Monday, Feb. 17, 1947
Congress1 Week
Speaker Joe Martin thought things were shaping up nicely. He had just seen his brood of House Republicans drop their squabbles, and obediently line up to be counted for a rock-solid party vote. The issue was the constitutional amendment to limit a President to two terms. Not a Republican wavered as Democratic whip John McCormack wailed: "It will make the Constitution rigid. It ties the hands of future generations." Of the 238 Republicans present, 238 voted right. With 47 Democrats joining them, the vote was 15 more than needed for a two-thirds majority. Joe was pleased.
He needed some reassurance. All week long the Democrats had been snickering as Republicans lambasted each other over the 20% income-tax cut promised by bullheaded Harold Knutson during the campaign. Knutson had tried to bulldoze his Ways and Means Committee into endorsing his bill, only to have Michigan's Albert Engel rebel. Engel's plan: double exemptions to help the low-income group. The fracas had ruffled the G.O.P. leadership itself when Illinois' Leo Allen, Chairman of the Rules Committee, threw in a plan of his own. Allen would give the little taxpayer a 20% cut, the big fellow less. Laughing fit to bust, Tennessee's Albert Gore gloated: "The Republicans are stuck in the mud of confusion and hanging on the hook of irresponsible promises."
Only Child. In the committee rooms, things were humming. Presidential Candidate Harold Stassen appeared before Senator Robert A. Taft's Labor Committee to speak his piece on labor legislation. While his onetime protege Joe Ball glowered at him across the table, Stassen declared that the closed-shop ban and other anti-labor provisions of Ball's four labor bills would give so much "excess power" to capital that labor would be back to the bedrock days of the 19203, and the U.S. economy with it. Stassen's key suggestion: a strike should be called only if authorized by a secret ballot taken after all negotiations had failed. Snapped Ohio's Taft:-"I see no objection to it, but as a solution of the labor problem, I think it is trivial."

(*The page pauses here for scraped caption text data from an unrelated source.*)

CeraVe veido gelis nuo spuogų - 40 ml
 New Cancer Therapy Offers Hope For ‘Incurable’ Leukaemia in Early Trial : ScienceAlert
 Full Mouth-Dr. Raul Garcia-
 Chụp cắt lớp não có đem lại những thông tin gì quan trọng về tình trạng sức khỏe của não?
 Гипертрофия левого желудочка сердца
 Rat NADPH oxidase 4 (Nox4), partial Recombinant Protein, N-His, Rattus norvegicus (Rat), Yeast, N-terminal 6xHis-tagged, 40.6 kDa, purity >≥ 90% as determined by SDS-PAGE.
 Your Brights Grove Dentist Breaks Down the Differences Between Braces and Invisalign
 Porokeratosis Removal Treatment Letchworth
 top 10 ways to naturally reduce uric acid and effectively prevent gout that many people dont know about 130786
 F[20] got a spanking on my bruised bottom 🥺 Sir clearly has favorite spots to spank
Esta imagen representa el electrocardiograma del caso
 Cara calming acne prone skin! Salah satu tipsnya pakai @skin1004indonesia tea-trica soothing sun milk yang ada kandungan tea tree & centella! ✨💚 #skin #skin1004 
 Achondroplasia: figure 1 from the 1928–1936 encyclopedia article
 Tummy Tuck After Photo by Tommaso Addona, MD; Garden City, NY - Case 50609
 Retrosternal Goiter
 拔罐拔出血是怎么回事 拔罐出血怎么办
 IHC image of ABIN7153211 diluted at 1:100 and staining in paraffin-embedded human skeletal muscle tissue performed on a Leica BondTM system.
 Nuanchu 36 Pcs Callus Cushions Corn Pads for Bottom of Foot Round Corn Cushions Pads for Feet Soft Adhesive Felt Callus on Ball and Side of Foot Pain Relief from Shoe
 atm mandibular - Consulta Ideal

The Senate Banking and Currency Committee's hearings on rent control were brightened by Mrs. Frank Morris, a well-dressed, belligerent landlady of Dallas who wanted all controls taken off. Said she: "I am fighting for freedom for enterprise. I am fighting for my children [one daughter, three grandchildren] and for their future." Asked Chairman Charles Tobey dryly: "Oh, tell me, pretty maiden, are there any more at home like you?" Mrs. Morris: "I am an only child."
Ninety-five Ships. There was much flexing of muscles as the GOPsters snuffled under every stone that might conceal Democratic skulduggery. Maine's Owen Brewster gnashed his teeth at a report that Government agencies were destroying their records before his War Investigating Committee could get its hands on them.
The House Merchant Marine and Fisheries Committee turned up a juicy bit. Russia, it found, had refused to return, or pay for, the 95 ships lent to her during the war, despite repeated requests from the State Department. Roaring mad, the committee threatened to subpoena Secretary of State Marshall to explain.
The President fared little better than his agencies. His request for an extension of some war powers for "a national emergency that we do not now foresee" made G.O.P. hackles rise. What controls were needed, said Senator Taft acidly, would not be granted in generalized powers, but in individual specific bills.
But the President tossed Congress one stinger. He renewed his 1945 request for legislation making the Speaker of the House, after the Vice President, next in line for the presidency. If Truman should die in office, that would make Speaker Joe Martin President. From the Senate, where there are as many presidential hopefuls as there are Republicans, there came not a word.